Having ParmExpansionArgsSupport in Attr would allow attributes to populate with parameter packs across argument boundaries. It seems more permissive, but frankly I have no attachment to it, so I am okay with tying it to Argument instead.

Of the mentioned options, I agree #2 and #3 are the preferred paths. For simplicity I prefer #2, though I will have to figure out how best to add a check on individual arguments, which @erichkeane's suggestion to limit the attributes to only allowing parameter packs in variadic arguments as the last argument would help with. On the other hand, the population logic for most of the relevant attributes are explicitly defined in clang/lib/Sema/SemaDeclAttr.cpp (which will have to be changed with #3) so being more permissive - like the current version of the patch is - gives more freedom to the attributes.

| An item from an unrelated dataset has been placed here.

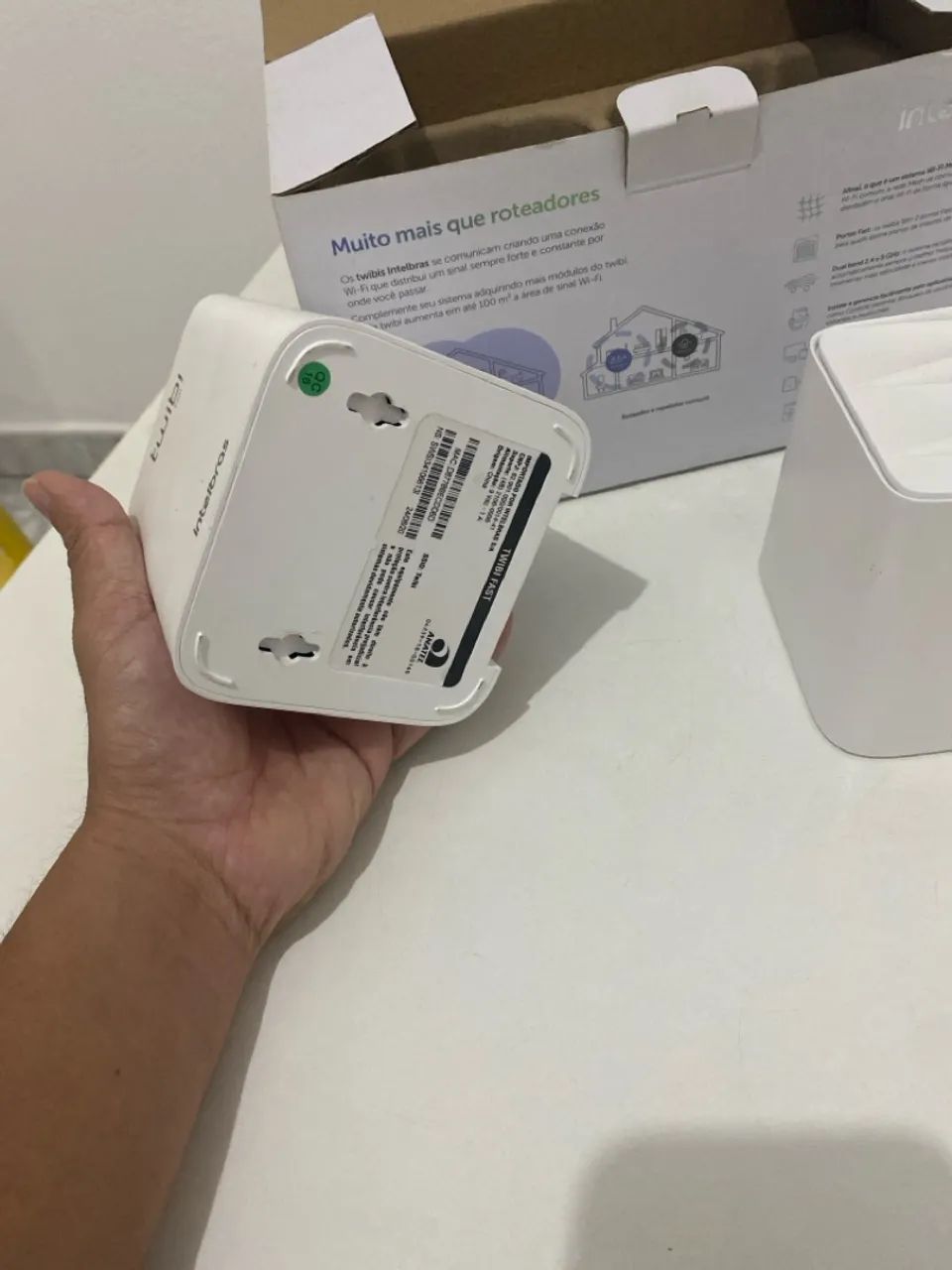 Kit 2 Roteadores Wi-Fi Intelbras Twibi Fast - Cobertura Extensa - Foto 3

Does the tablegen design also seem likely to work when we want to introduce type packs instead of value packs?

I am not sure about how tablegen would take it, but the parser doesn't currently parse more than a single type argument, so I don't see a need for allowing type packs at the moment.

I think the safest bet is to be conservative and not allow mixing packs with variadics, and not allowing multiple packs. We should be able to diagnose that situation from ClangAttrEmitter.cpp to help attribute authors out. However, it'd be worth adding a FIXME comment to that diagnostic logic asking whether we want to relax the behavior at some point. But if you feel strongly that we should support these situations initially, I wouldn't be opposed.

If we limit packs to VariadicExprArgument - like annotate does in the current state of this patch - having multiple packs in the same argument is simple to handle. Both are represented as Expr and the variadic argument will simply contain two expressions until the templates are instantiated and the packs are expanded. This is also a feature I would like to keep, though it should be possible to work around the limitation if we conclude it can't stay.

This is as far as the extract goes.